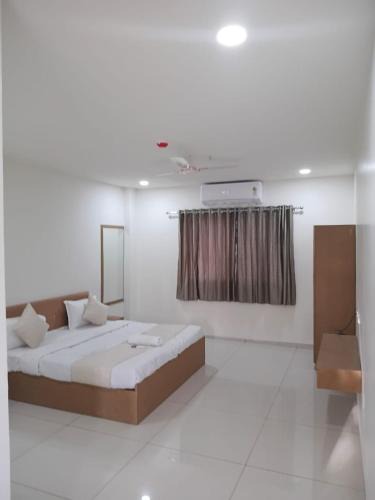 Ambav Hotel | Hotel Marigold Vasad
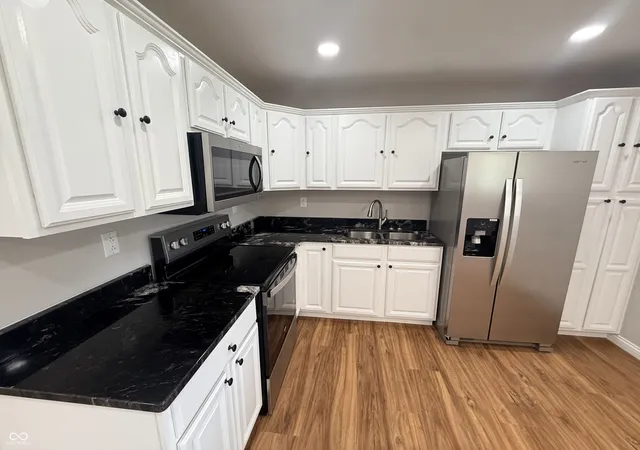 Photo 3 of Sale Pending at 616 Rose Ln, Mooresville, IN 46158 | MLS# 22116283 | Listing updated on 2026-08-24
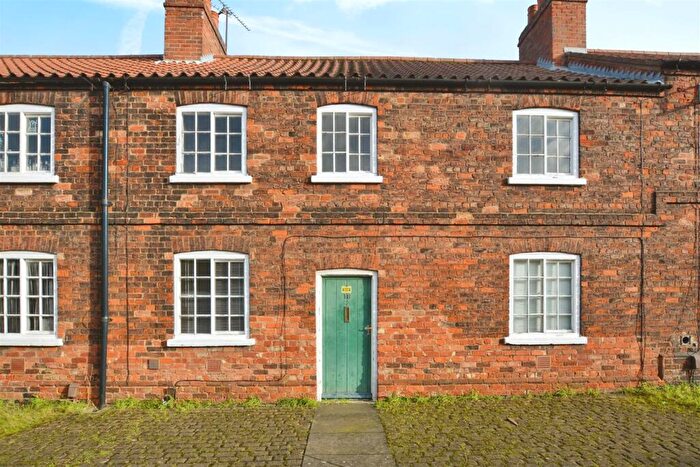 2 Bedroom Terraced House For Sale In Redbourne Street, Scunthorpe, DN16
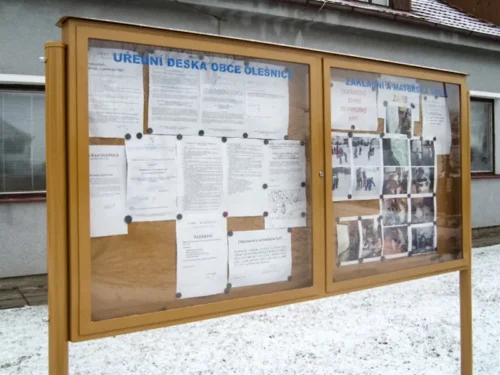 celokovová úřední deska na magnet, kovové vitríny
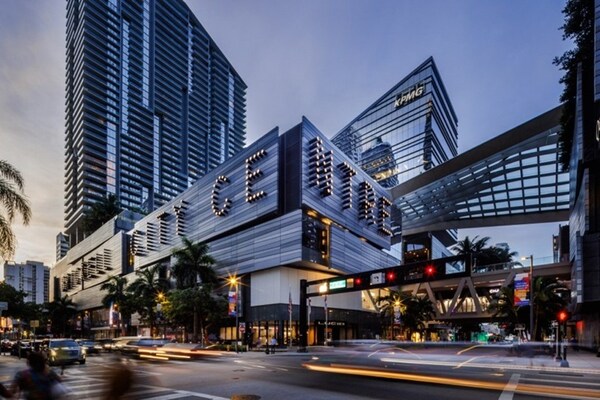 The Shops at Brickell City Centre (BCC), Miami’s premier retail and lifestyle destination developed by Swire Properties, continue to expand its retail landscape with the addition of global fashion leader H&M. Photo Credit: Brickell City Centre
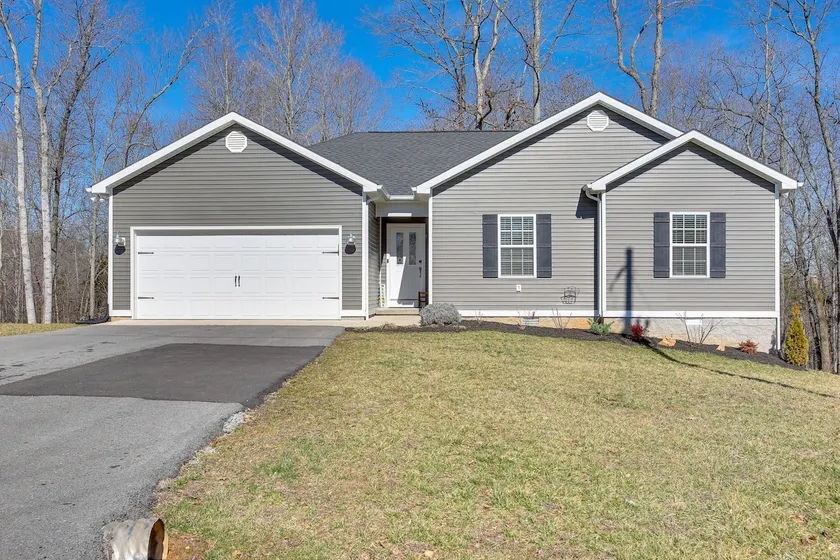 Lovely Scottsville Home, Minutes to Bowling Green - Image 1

----------

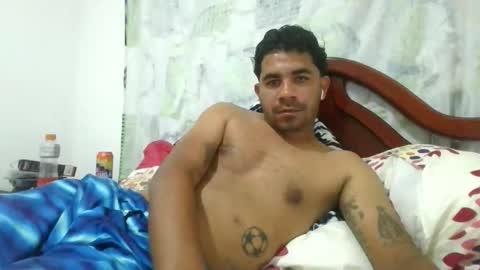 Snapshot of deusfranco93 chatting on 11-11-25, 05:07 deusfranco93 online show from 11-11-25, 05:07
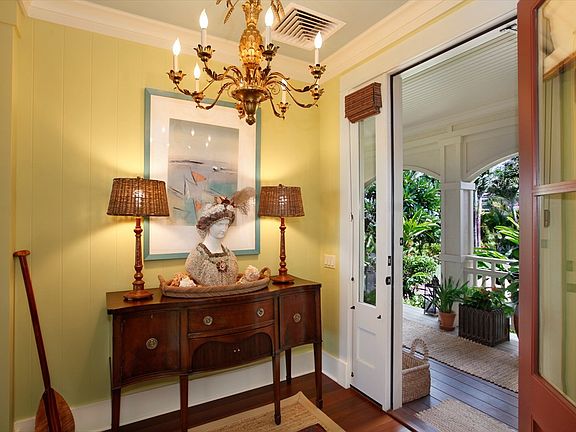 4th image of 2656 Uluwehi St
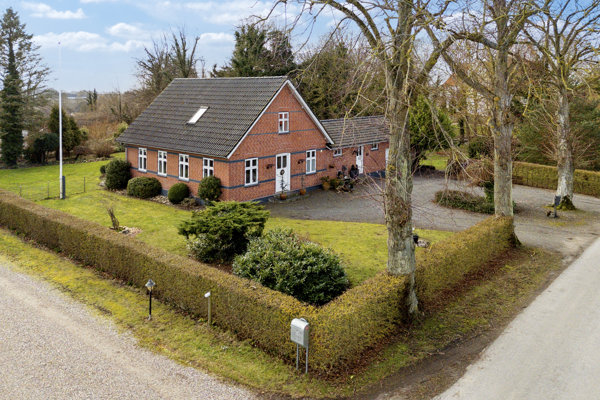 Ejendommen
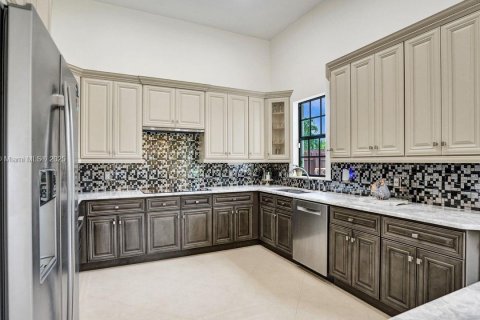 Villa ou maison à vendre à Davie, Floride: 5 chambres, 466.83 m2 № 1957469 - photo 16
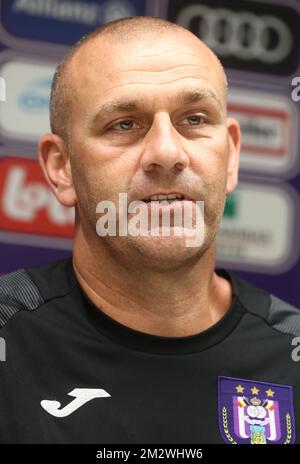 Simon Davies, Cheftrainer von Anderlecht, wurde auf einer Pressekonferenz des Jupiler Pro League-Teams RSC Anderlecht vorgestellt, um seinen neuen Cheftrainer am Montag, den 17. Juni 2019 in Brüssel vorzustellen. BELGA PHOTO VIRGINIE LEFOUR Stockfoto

----------

**PROBLEM STATEMENT:**
Copy the lines above exactly, starting at the one with "4th image of 2656 Uluwehi St" and ending at the one with "Simon Davies, Cheftrainer", both included. Leave out any pictures and add nothing else.

**FINAL ANSWER:**
 4th image of 2656 Uluwehi St
 Ejendommen
 Villa ou maison à vendre à Davie, Floride: 5 chambres, 466.83 m2 № 1957469 - photo 16
 Simon Davies, Cheftrainer von Anderlecht, wurde auf einer Pressekonferenz des Jupiler Pro League-Teams RSC Anderlecht vorgestellt, um seinen neuen Cheftrainer am Montag, den 17. Juni 2019 in Brüssel vorzustellen. BELGA PHOTO VIRGINIE LEFOUR Stockfoto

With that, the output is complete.